Vor Jahren veröffentlichte das "Sinus Institut" die Studie "Wir sollten wieder einen Führer haben" und belegte - und schockierte auch - , dass es ein weiterbestehendes, latentes rechtsradikales Einstellungssyndrom in der deutschen Gesellschaft gibt. Das war ca. im Jahr 1981!

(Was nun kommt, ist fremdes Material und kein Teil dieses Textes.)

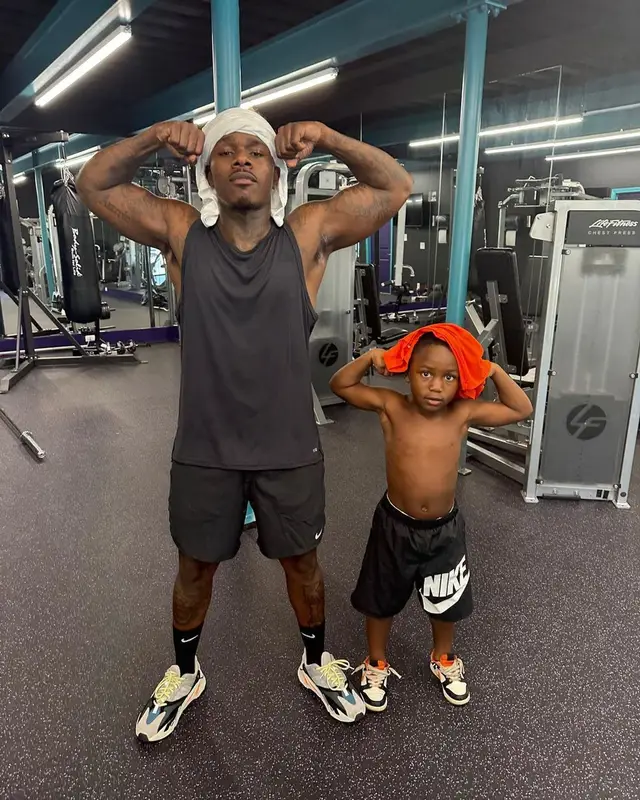 DaBaby outfit in Nike, Yeezy, and Adidas, 2023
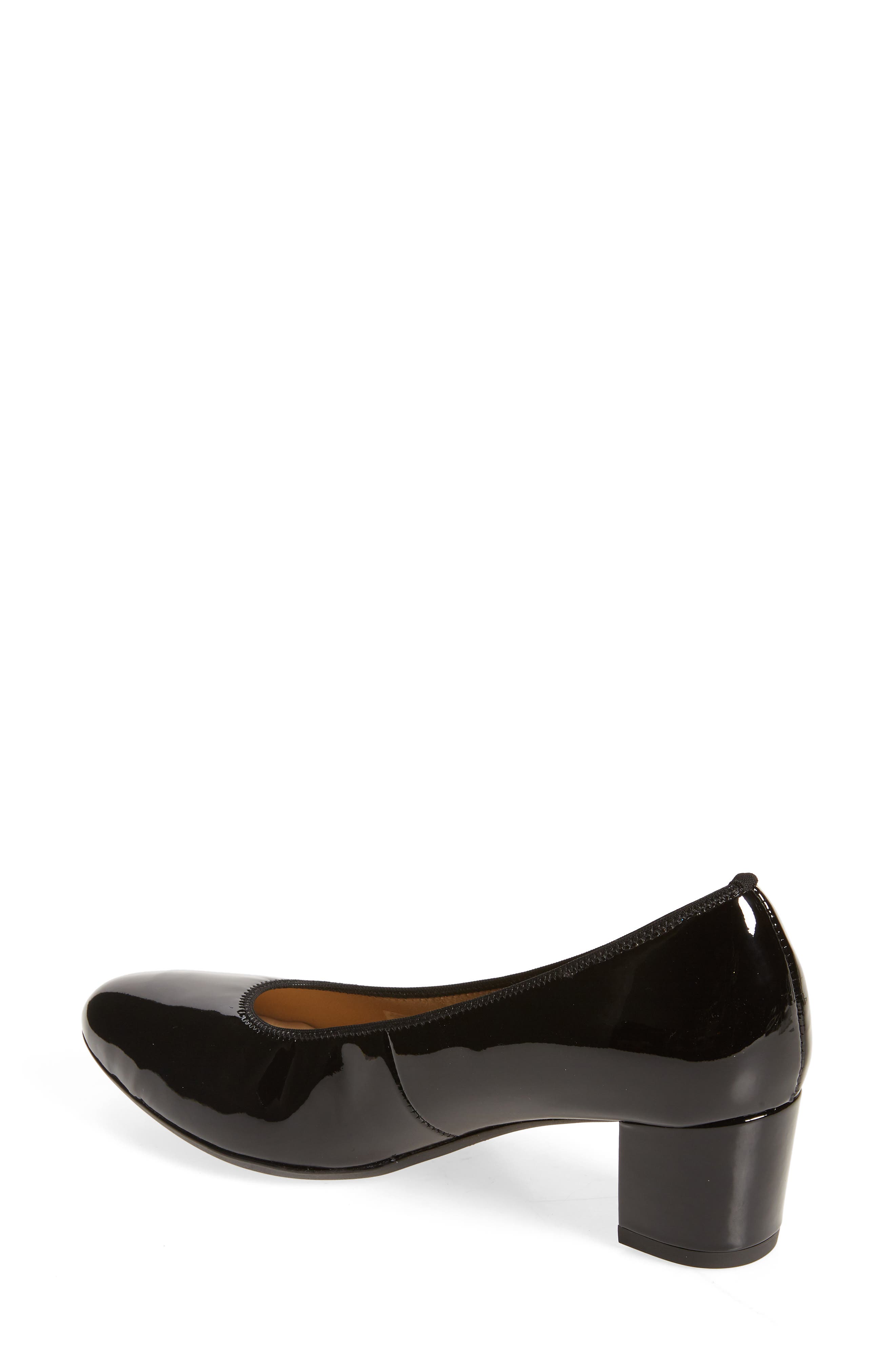 Kendall Pump, Alternate, color, BLACK PATENT LEATHER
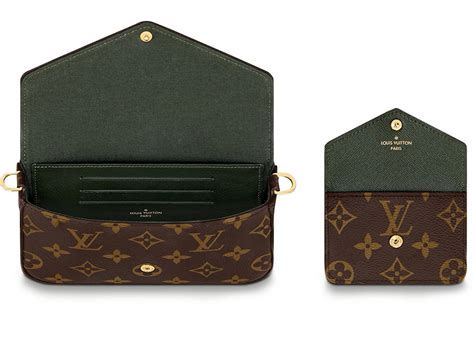 Louis Vuitton Félicie Strap & Go Monogram Khaki Green/Ebony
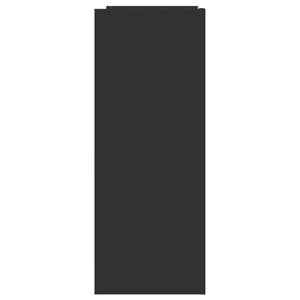 vidaXL Tavolino Consolle Nero 100x35x90 cm in Legno Multistrato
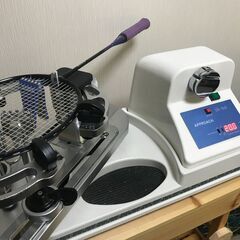 バドミントンのガット張ります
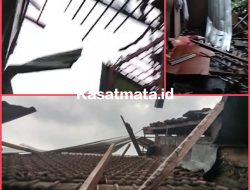 Hujan Deras Disertai Angin Puting Beliung, Menghancurkan Beberapa Bangunan di Porong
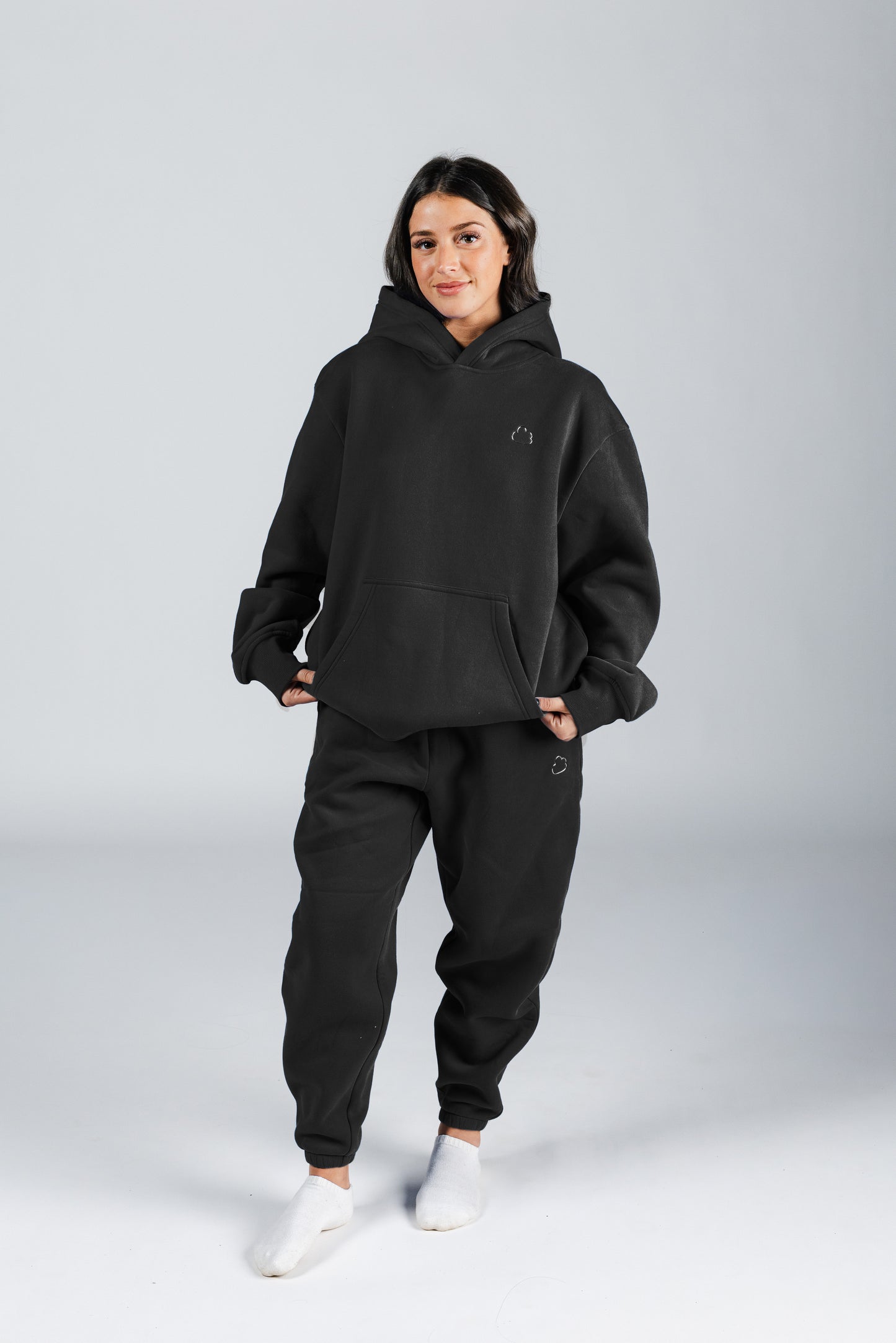 size: Model is 5'5 wearing size S | color: Midnight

http://books.google.de/books?id=8EjwAAAAIAAJ&q=wir+sollten+wieder+einen+f%C3%BChrer+haben&dq=wir+sollten+wieder+einen+f%C3%BChrer+haben&hl=de&ei=a5G1TPLaKcGUswapoJ2FDg&sa=X&oi=book_result&ct=result&resnum=1&ved=0CCkQ6AEwAA

Rechtsextremismus-Studie: Fanatismus auf dem Vormarsch - SPIEGEL ONLINE - Nachrichten - Politik

Die Beschäftigung mit dem Dritten Reich ist unter dieser Prämisse auch die Aufforderung auch Aufklärung zu leisten und die verlogenen und zynischen Mythen über das "braune Paradies auf Erden" des Herrn Hitlers zu entzaubern.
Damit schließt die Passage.